On the other hand, none of the Presidents, and no specific historical point are misrepresented in any way. And the movie doesn't claim that Cecil Gaines influenced anything in the White House. When Martin Luther King (Nelsan Ellis) appears, he is handled in a similarly light fashion: he tells Louis that his father being a butler is not a bad thing, because by living with whites, domestic servants show their race in a good light. I doubt that Cecil himself would agree with that, remembering his own experience. His murdering employers in Georgia may have lived with blacks for 150 years.
Even if a lot of The Butler seems superficial, it must be remembered that it wasn't necessarily meant to be seen by people like myself, with personal memories of this history: I saw President Eisenhower when his plane stopped at Hickam Field in 1959 or so. For most of the audience these events need explanation, which The Butler does well.

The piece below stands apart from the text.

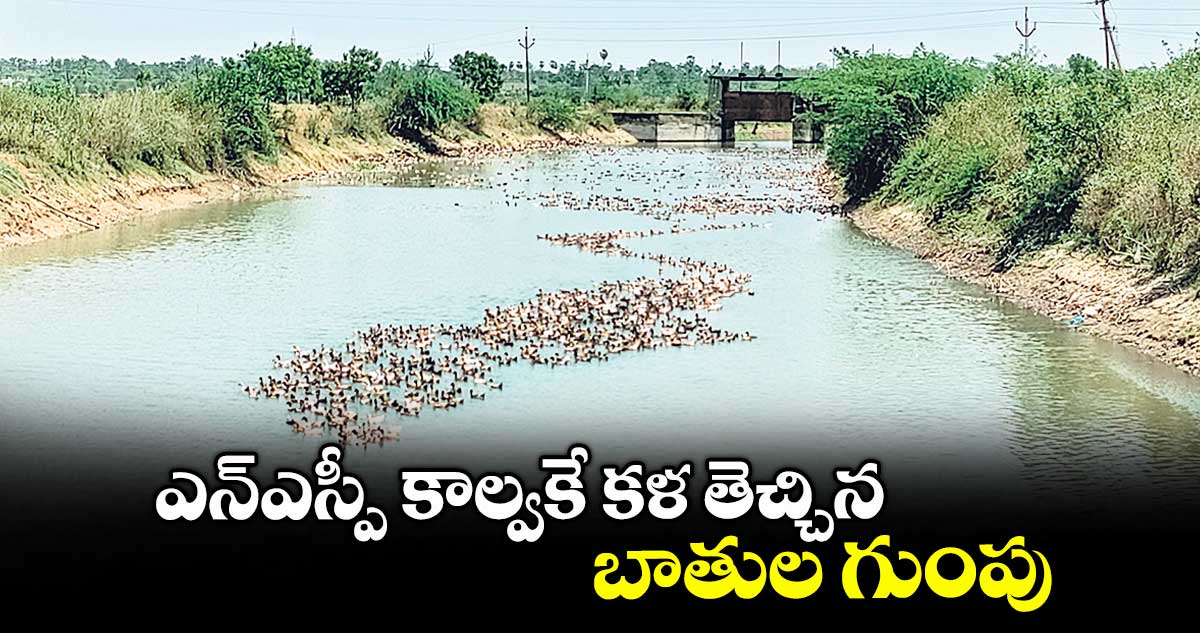ఎన్ఎస్పీ కాల్వకే కళ తెచ్చిన బాతుల గుంపు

There are surely plenty of black parents trying to explain the past to their children, without going immediately to bleak documentaries about brutalized marchers and slain leaders. (The best show to see for the harsh facts on the Civil Rights years, BTW, is probably King: A Filmed Record... Montgomery to Memphis).

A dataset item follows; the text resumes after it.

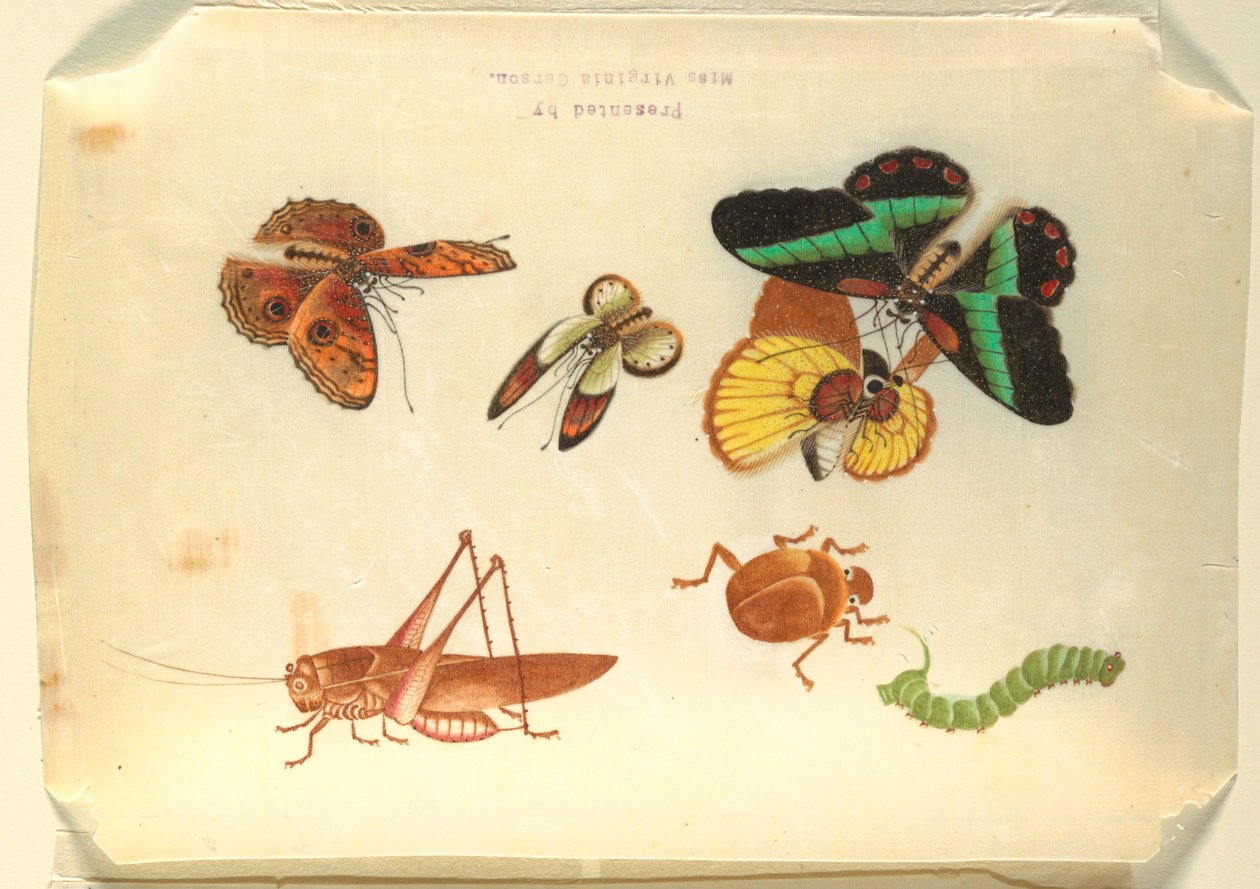 Insekter af Unknown artist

The Weinsteins and Anchor Bay's Blu-ray of Lee Daniels' The Butler is the expected flawless transfer of a movie that received plenty of media attention last summer. The extras include some deleted scenes, a making-of featurette, an okay short piece on the real Freedom Riders, a music video by Gladys Knight and Lenny Kravitz and a Gag Reel. Information and codes for a Digital HD version are included as well. A version of the disc without the HD linkup is available for $5.00 less.
I was not expecting much from The Butler and was pleasantly surprised to find it so entertaining. The rich characterizations made the Gaines family seem similar to any other American family, without idealizing them or exaggerating their role. The movie makes its points without waving the flag of outrage -- it's clearly a product of the Obama years.